Item #1:  The Wonders of the Stereoscope, Alfred A. Knopf, New York, 1976.



This boxed set contains one more traditional "book" and another book that opens as a shell and contains about 40 sterographic images and a viewer.  the combination of text, images, book as container box, and accompanying image objects is particularly difficult for digitization.

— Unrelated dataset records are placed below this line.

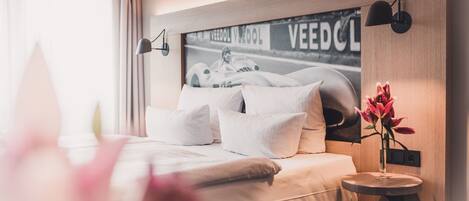 A modern bedroom with a large bed, a headboard with a racing car poster, a bedside table with a vase, and a wall-mounted lamp.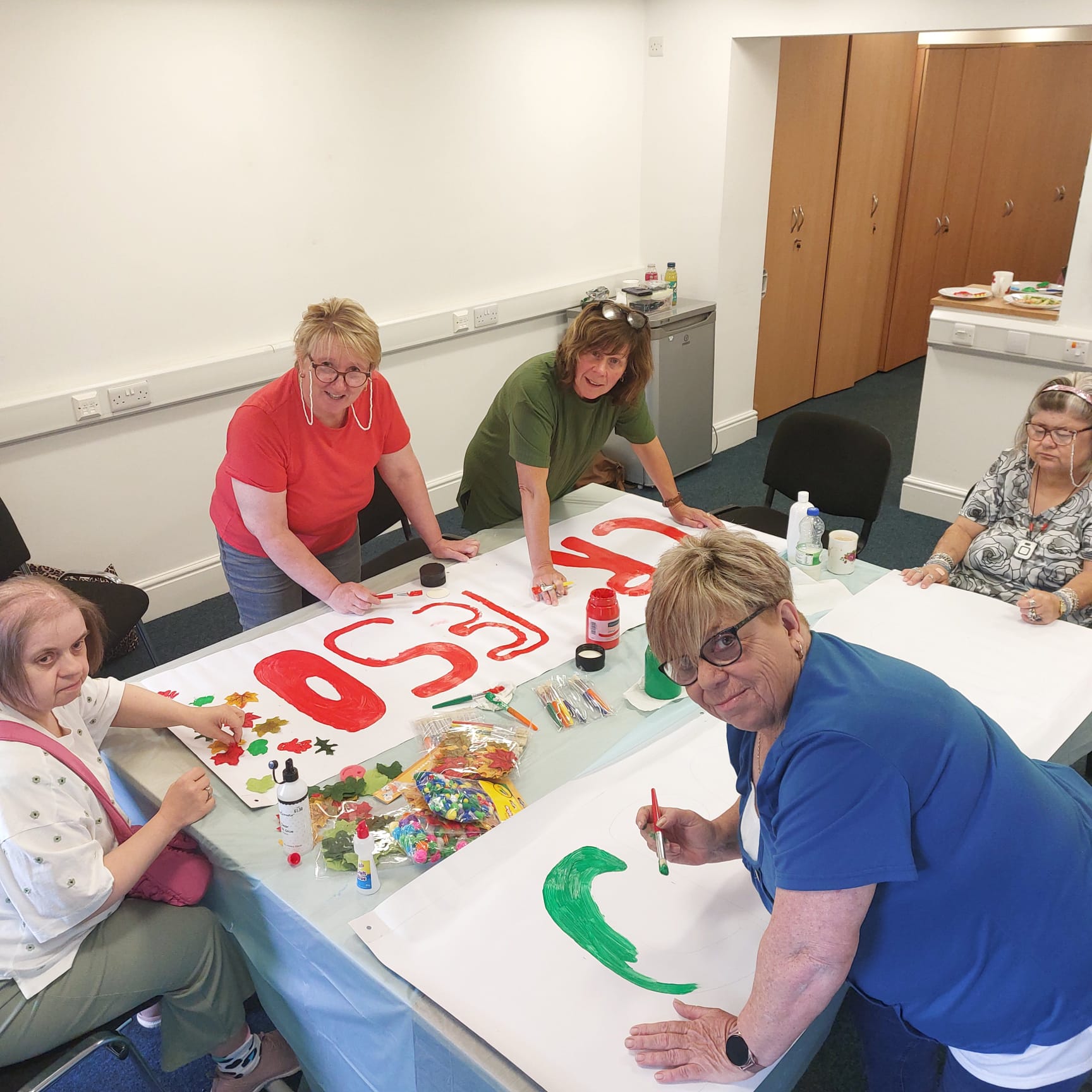 People we support making banners with their support workers for Eisteddfod.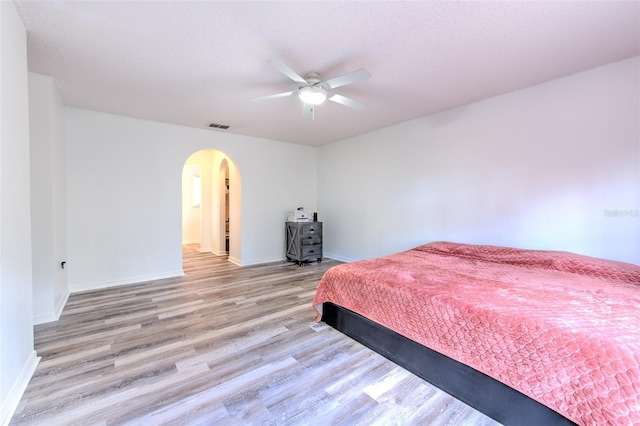 bedroom featuring ceiling fan, a textured ceiling, and light wood-type flooring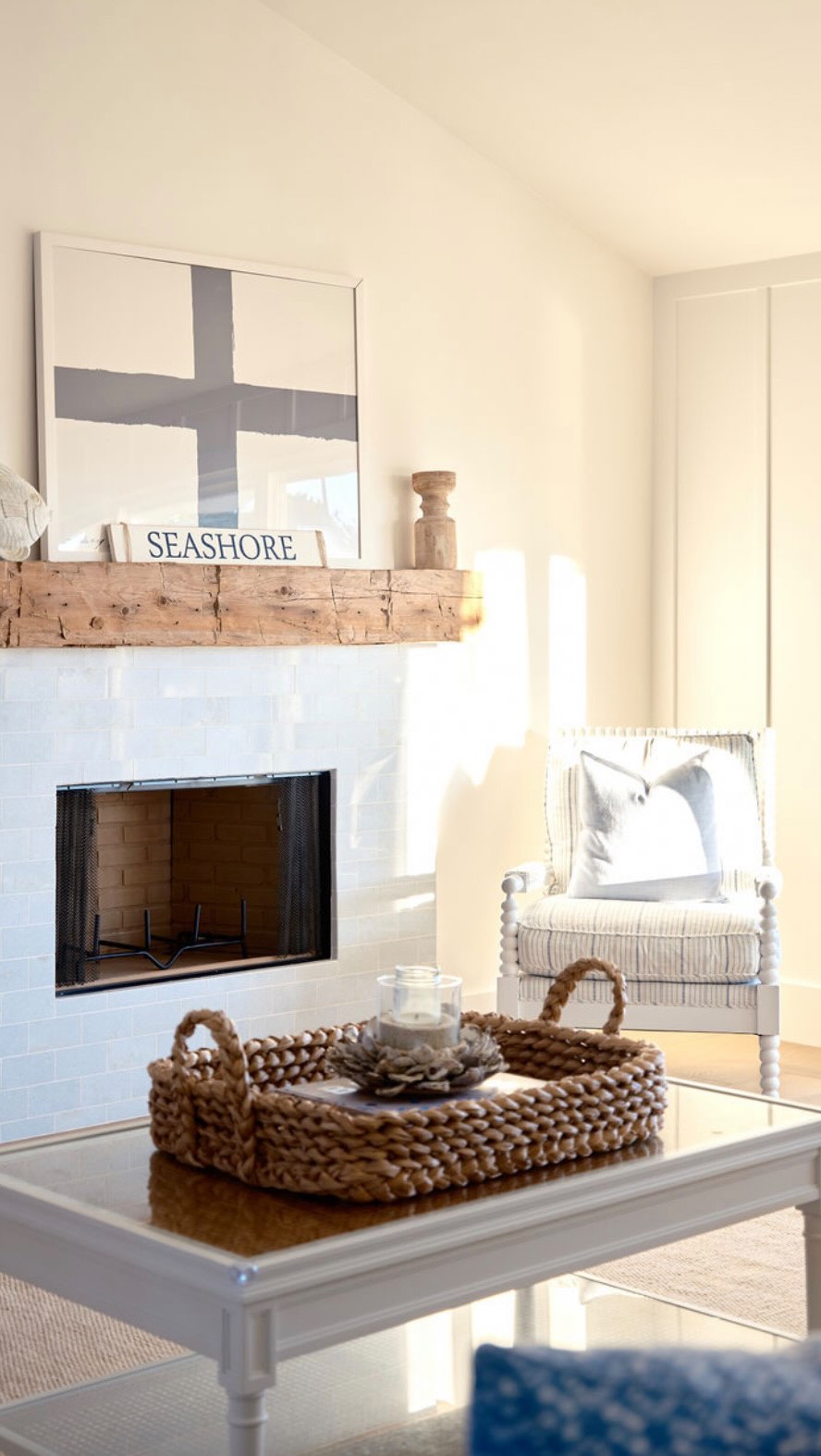 Bathed in warm morning sunlight, this inviting family room opens to the charm of front porch living, where palm trees sway gently in the coastal breeze. It’s a beautiful, welcoming space designed for laughter, connection, and everyday moments—truly the heart of the home where family and memories come together. Design & Build by: @coastaldwelling_designbuild #coastalhome #coronadointeriordesigner #blueandwhiteforever #coastalinteriors #coastalliving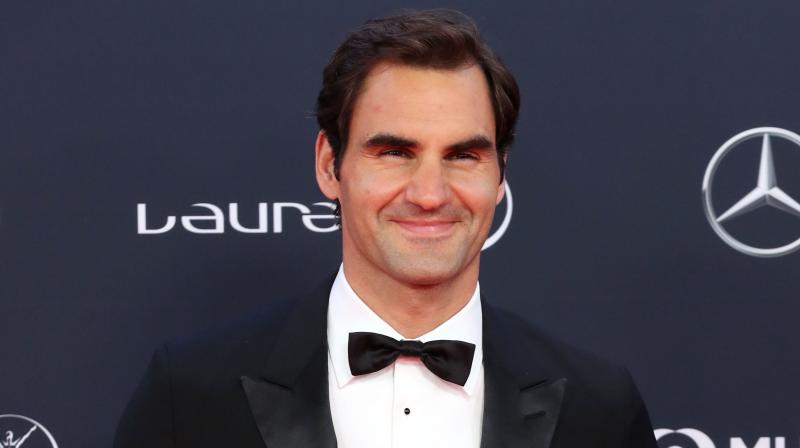 The tennis legend praised his longtime rival, Rafael Nadal while receiving the award. (Photo: AFP)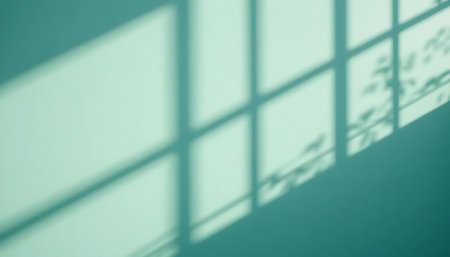 Shadow of window on green wall. Abstract background and texture for design.の写真素材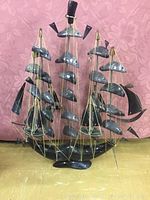 Front view of the large ship sculpture showing three masts and stone sails with string rigging against a pink fabric background.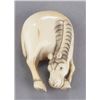 Image 1 : An ivory netsuke of a horse.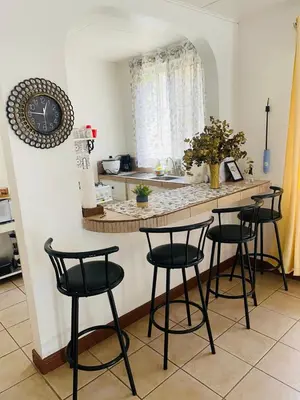 a kitchen with a counter with four stools at a table at Mahale House - Manuel Antonio, Quepos in Quepos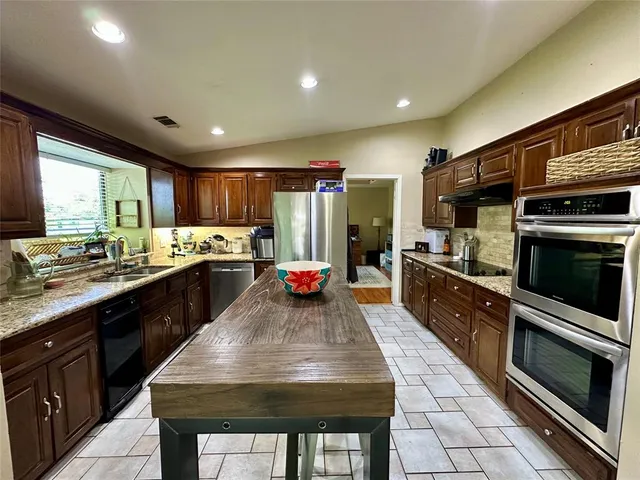 a kitchen with stainless steel appliances granite countertop a stove refrigerator sink and cabinets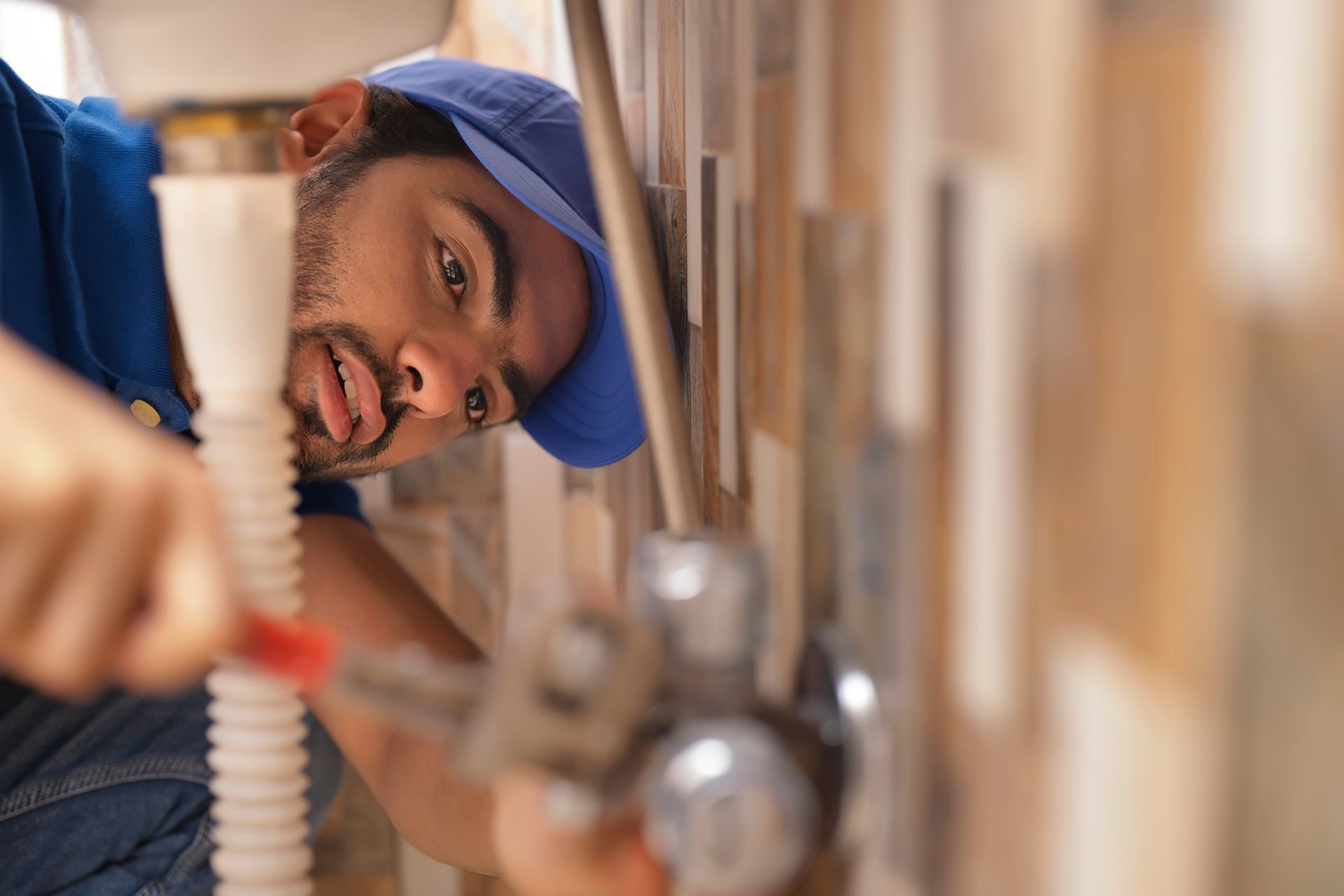 A man is fixing a sink with a pair of pliers.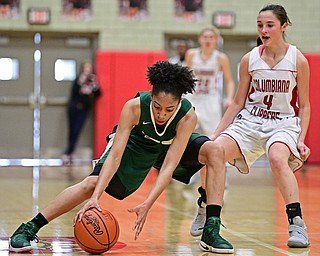 STRUTHERS, OHIO - MARCH 4, 2017: Simone Comer #32 of Ursuline picks up the ball after having it poked out of her control by Kayla Muslovski #4 of Columbiana during the first half of their game Saturday afternoon at Struthers High School. DAVID DERMER | THE VINDICATOR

Viewing the 3D effect of sterographs on a screen is incredibly difficult since the viewer and the screen interfere with one another.  In addition, part of the thrill of looking at sterographs is the manipulation of them.  You hold them, choose them, load them in the viewer, and see the 3D effect appear.  That physicality cannot be digitized.  Finally, there is the problem of focal length.  In order to view them correctly and acheive the effect, each person has to manipulate the viewer, pull it slightly closer or farther away to make it work for your eyes.  That cannot currently be acheived if the image in on a screen.